Despite the previous complaints about Browne, reported in 2015 and late 2017, he was not suspended as a volunteer until after gardaí opened an investigation into the abuse of the two 15-year-olds in May 2018.
The internal review was carried out by the organisation’s chief executive, John Byrne; his predecessor Peadar Ward; and an external figure, former Garda assistant commissioner Fintan Fanning.
It recommended that the organisation suspend any volunteer who is subject to an allegation and carry out a “prompt fact-finding investigation” as a preliminary response.
The organisation’s current policy states the immediate suspension of a member is permitted “where there is a risk to others,” a spokeswoman said.
In a letter to the organisation’s members on Tuesday evening, the Order of Malta said the review recommended it “reinforce” existing child protection policies, to ensure their importance is “clearly understood and followed by each member of the organisation”.
The correspondence, seen by The Irish Times, said the review recommended the organisation “fortify definitive reporting lines to ensure compliance and appropriate safeguarding frameworks are up to date”.
The review said obligations on members to “speak up” across the organisation needed to be improved, as well as ongoing training enhanced.
It also said an external child protection expert should be appointed “to undertake a robust examination” of all the recommended changes, as well as to address “any other issues” they felt required attention. The expert should draw up a “final action plan” for the board on the child protection reforms, it said.
There were tensions over the status of the review prior to a decision by a senior figure appointed by the religious order’s headquarters in Rome, FJ McCarthy, to disband the Irish organisation’s board last November and replace it with an executive steering group.

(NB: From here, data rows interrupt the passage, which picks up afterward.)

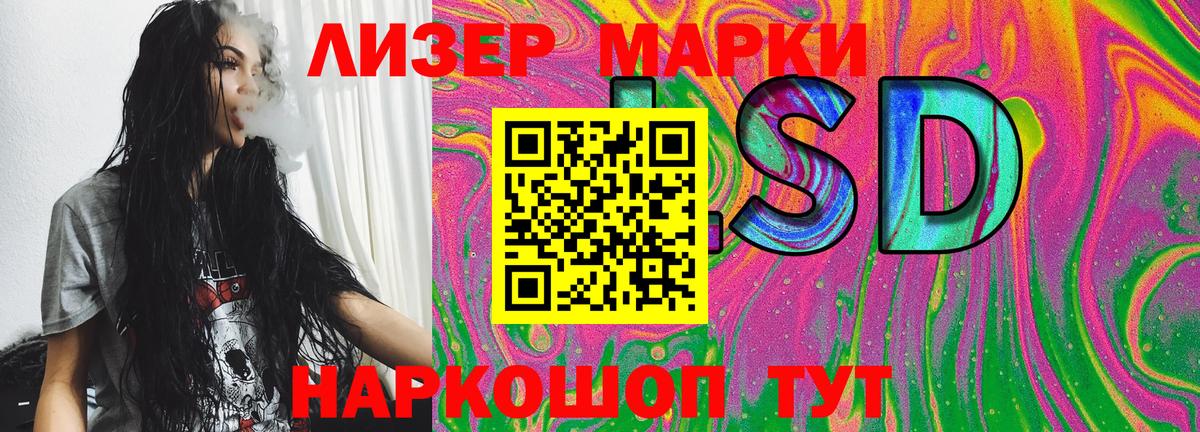 Междуреченск  Марки NBOMe 1,8мг  Марки NBOMe  Вход с VPN 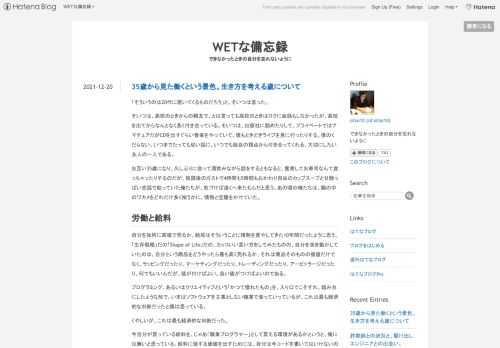 「そういうのは20代に置いてくるものだろう」と、そいつは言った。 そいつは、高校のときからの親友で、とは言っても高校のときはロクに会話もしなかったが、高校を出てからなんとなく長く付き合っている。そいつは、出版社に勤めたりして、プライベートではアマチュアだがCDを出すぐらい音楽をやっていて、僕もときどきライブを見に行ったりする。僕のくだらない、いつまでたっても幼い話に、いつでも独自の視点から付き合ってくれる、大切にしたい友人の一人である。 お互い35歳になり、久しぶりに会って酒飲みながら話をするともなると、奮発してお寿司なんて食っちゃったりするのだが、放課後のガストで4時間も5時間もおかわり自由…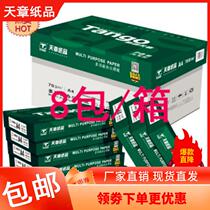 Tianzhang New Green Tianzhang 70g a4 printing paper a4 paper 80G copy paper 8 packs box full box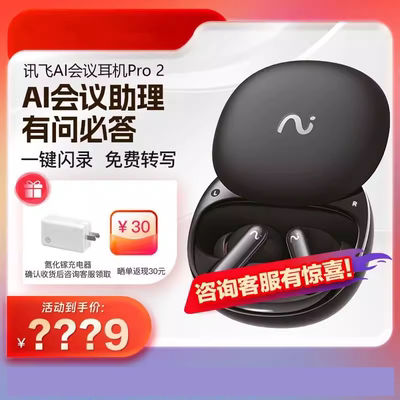 科大讯飞翻译耳机录音转文字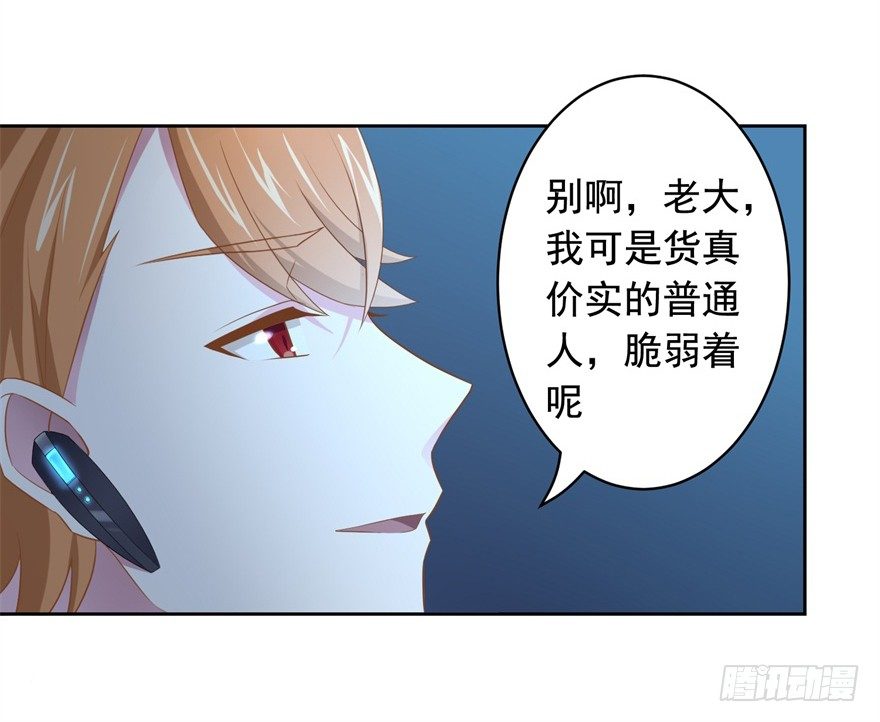 《少女总裁LoveGame》66 小姐的保护者 第39页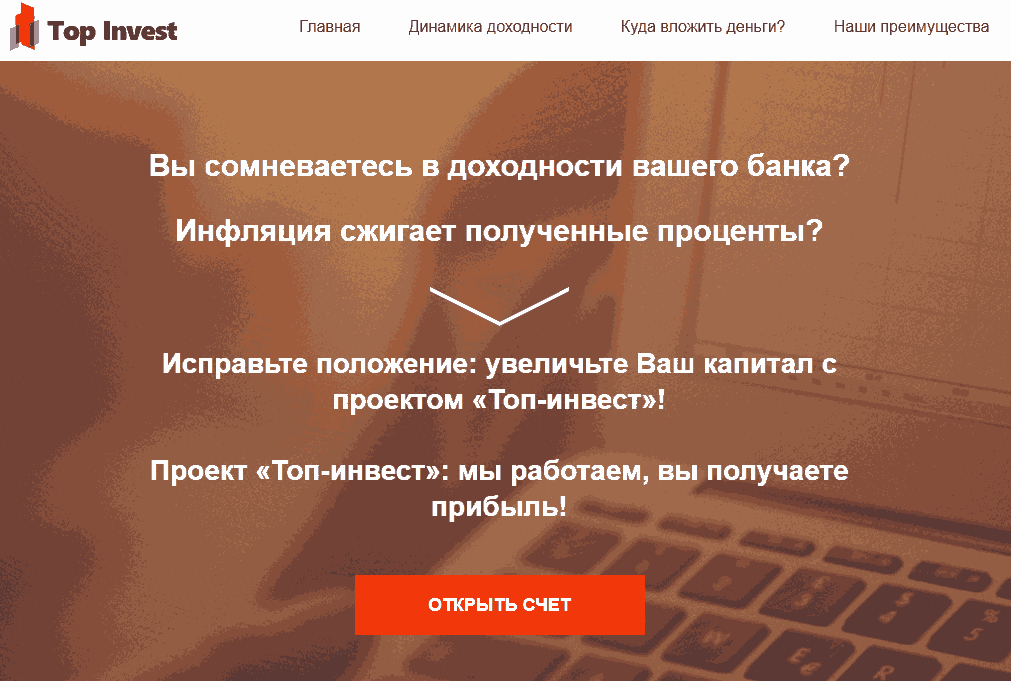 топ инвест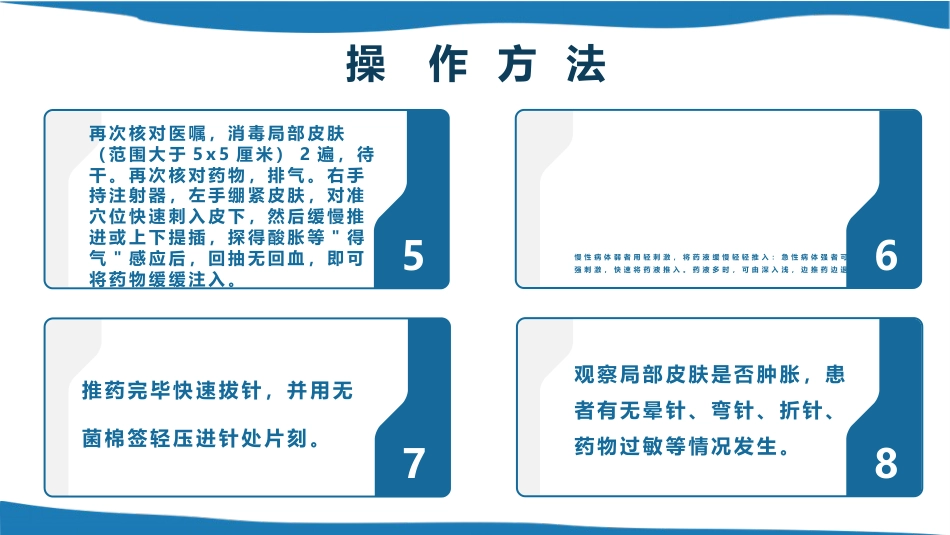 中医护理：穴位注射技术_第7页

One member of the board, Prof Declan Downey, told the Charities Regulator afterwards he was “no longer confident” that “grave matters” about the handling of sexual abuse complaints “will ever come to light”, following the decision to disband the board.
In a November 21st letter, Prof Downey said that despite previous requests, a copy of the review had not been shared with the board, but instead sent to officials of the order in Rome for scrutiny.
When asked if the review had been shared with the new executive steering group, a spokeswoman for the organisation said it had been “brought to the attention” of the group.